Une décennie de production en France, ça se fête ! Recticel l’a bien compris, et a placé sous ce signe les festivités et célébrations à l’usine de Bourges. Inauguré officiellement en février 2013, le site, implanté à quelques kilomètres de la ville bien connue pour son « Printemps », a fabriqué ses premiers panneaux d’isolation en octobre 2012. Sans arrêter de gagner en productivité depuis. Une illustration chiffrée vaut mieux qu’un long discours : en 2013, la production annuelle de l’usine berruyère s’élevait à 150 000 m3 de panneaux ; en 2021, les 500 000 m3 ont été atteints. « Et l’objectif pour 2022 est de dépasser les 600 000 m3 », ajoute Cédric Bara, directeur des opérations isolation pour la France et responsable de l’usine de Bourges.
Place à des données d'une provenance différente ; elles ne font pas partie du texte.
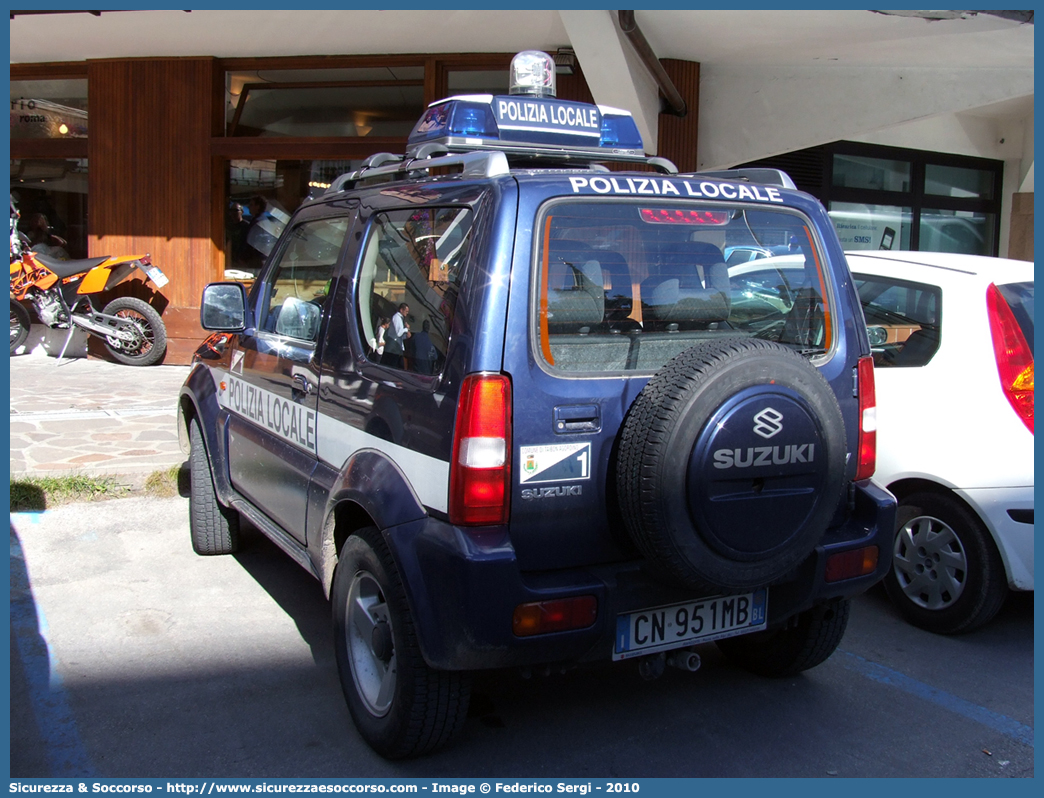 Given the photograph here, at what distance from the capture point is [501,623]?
2607 millimetres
Une nouvelle ligne devrait bientôt être implantée dans l’usine de Bourges.

Extension de ligne
Si la filière des matières premières suit – et notamment l’approvisionnement en MDI (méthylène diphényl diisocyanate, un composant indispensable à la fabrication du polyuréthane [PU] et dont les producteurs mondiaux se comptent sur les doigts d’une seule main) –, l’objectif semble atteignable. Mais il ne s’agirait que d’une étape dans un plan de croissance encore plus ambitieux : atteindre 900 000 m3 dès 2023 ou 2024, en intégrant au site « une extension de ligne » permettant d’augmenter la capacité totale de l’usine. Une seconde ligne – ou plutôt une ligne 1 bis – qui sera un bel atout pour réaliser les objectifs annoncés, mais qui ne fera pas tout selon Cédric Bara : « L’optimisation capacitaire de l’usine passe surtout par une quête perpétuelle des petits gains : repenser les méthodologies de travail, retravailler les phases d’enchaînement des panneaux, optimiser les capteurs, améliorer la vitesse… »

Cette évolution sera la bienvenue car « le marché est porteur et en croissance ». Pour preuve, le Syndicat national des polyuréthanes (SNPU) a dévoilé en mars dernier une évolution de 15,3 % de la mise en oeuvre d’isolants en PU sur 2021, qui atteint 31,4 millions de m2. Si la part des isolants en PU demeure relativement faible sur le marché global des isolants thermiques face aux mastodontes que sont les isolants minéraux notamment (laine de verre et laine de roche), elle poursuit néanmoins sa croissance régulière : de 5 % en 2010, le PU a grignoté progressivement des parts pour représenter aujourd’hui environ 12 % du marché. Et le potentiel est là : sur un marché où la culture du PU est mieux implantée, comme en Grande- Bretagne, cette part grimpe à 40 %…

 

Les 500 000 m3 de panneaux ont été atteints sur l’année 2021.